Exercise input:
■ ■ ■

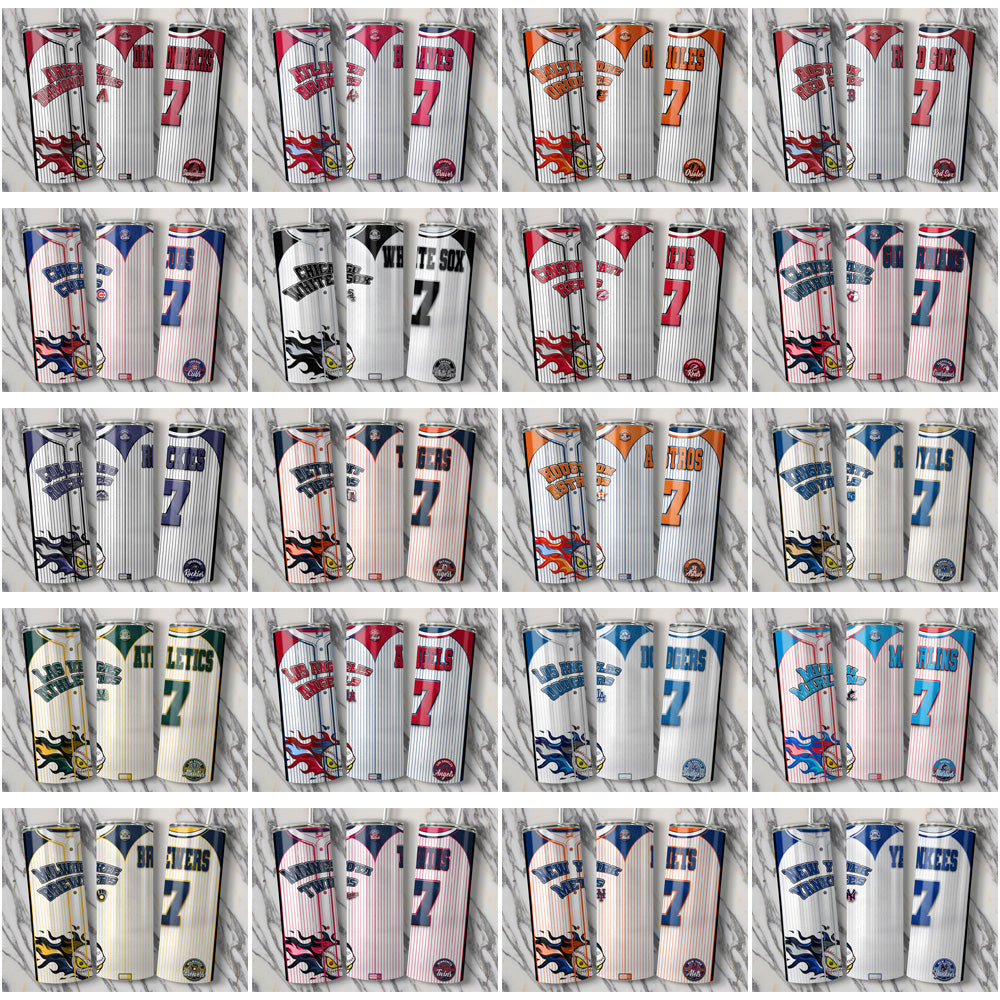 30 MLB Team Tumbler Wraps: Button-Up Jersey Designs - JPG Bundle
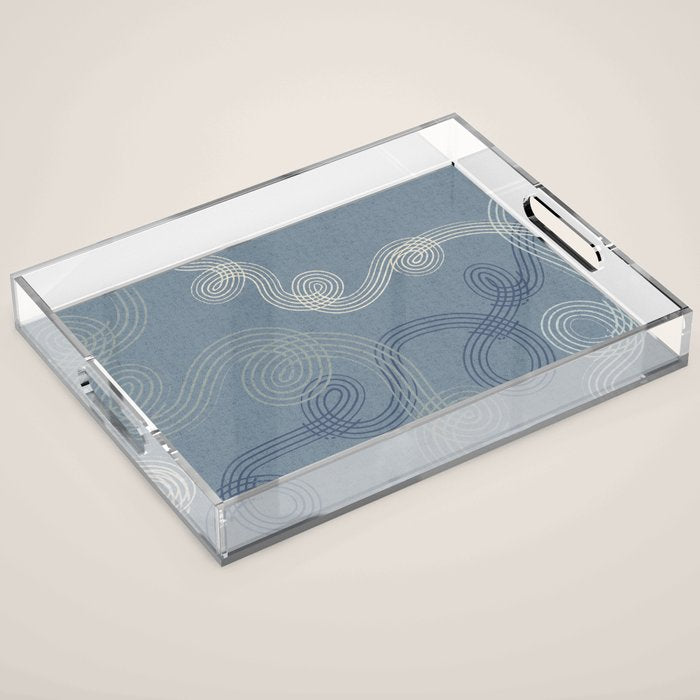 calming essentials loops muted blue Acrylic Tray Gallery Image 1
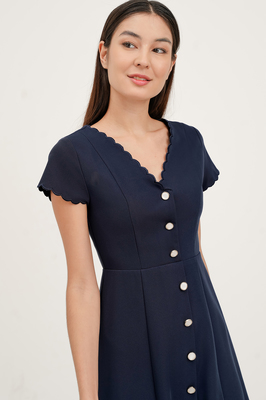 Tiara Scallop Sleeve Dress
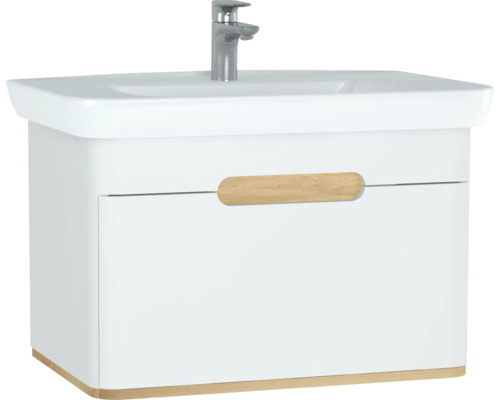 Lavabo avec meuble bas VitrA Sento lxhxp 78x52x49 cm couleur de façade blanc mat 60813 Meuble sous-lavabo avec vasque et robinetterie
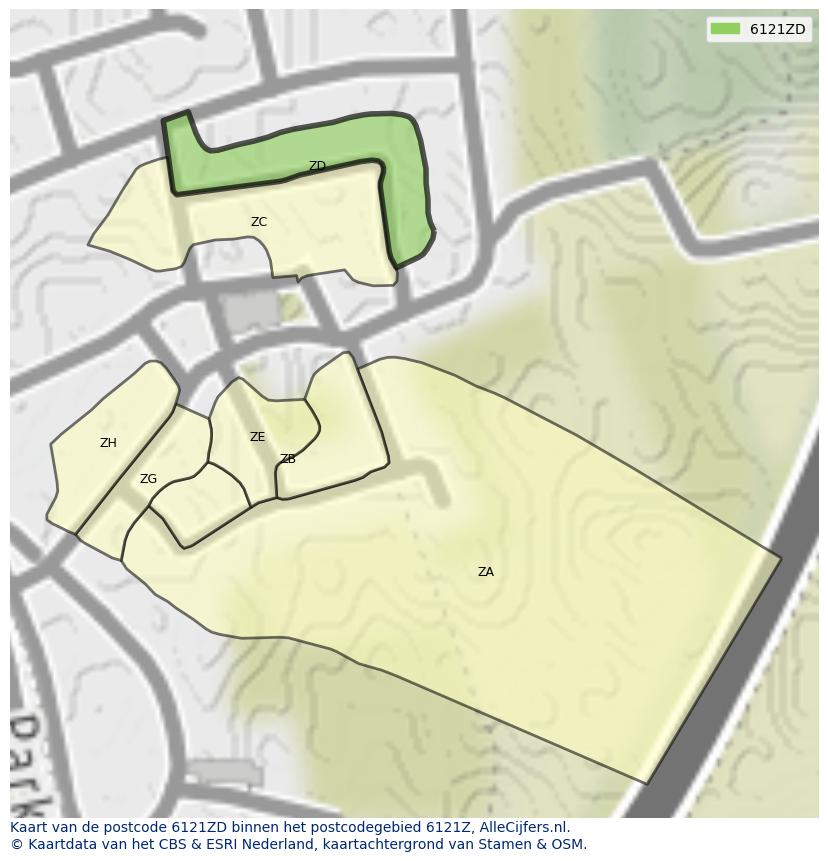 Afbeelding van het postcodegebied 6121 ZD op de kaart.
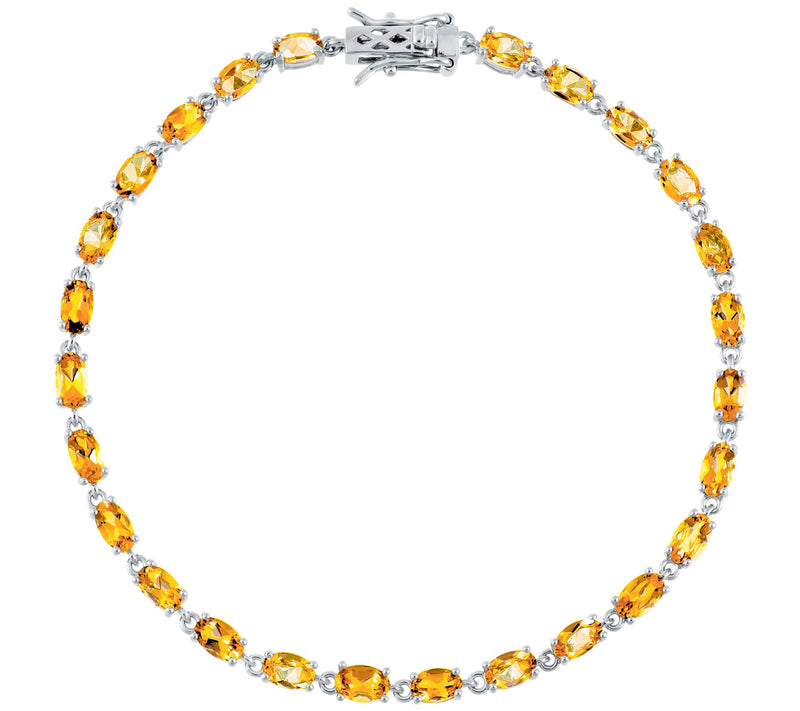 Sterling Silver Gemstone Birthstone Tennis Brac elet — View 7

■ ■ ■

Could you reproduce exactly, and only, the lines from the one containing "calming essentials loops" through the end of the records above, both included, while leaving out the pictures?

 calming essentials loops muted blue Acrylic Tray Gallery Image 1
 Tiara Scallop Sleeve Dress
 Lavabo avec meuble bas VitrA Sento lxhxp 78x52x49 cm couleur de façade blanc mat 60813 Meuble sous-lavabo avec vasque et robinetterie
 Afbeelding van het postcodegebied 6121 ZD op de kaart.
 Sterling Silver Gemstone Birthstone Tennis Brac elet — View 7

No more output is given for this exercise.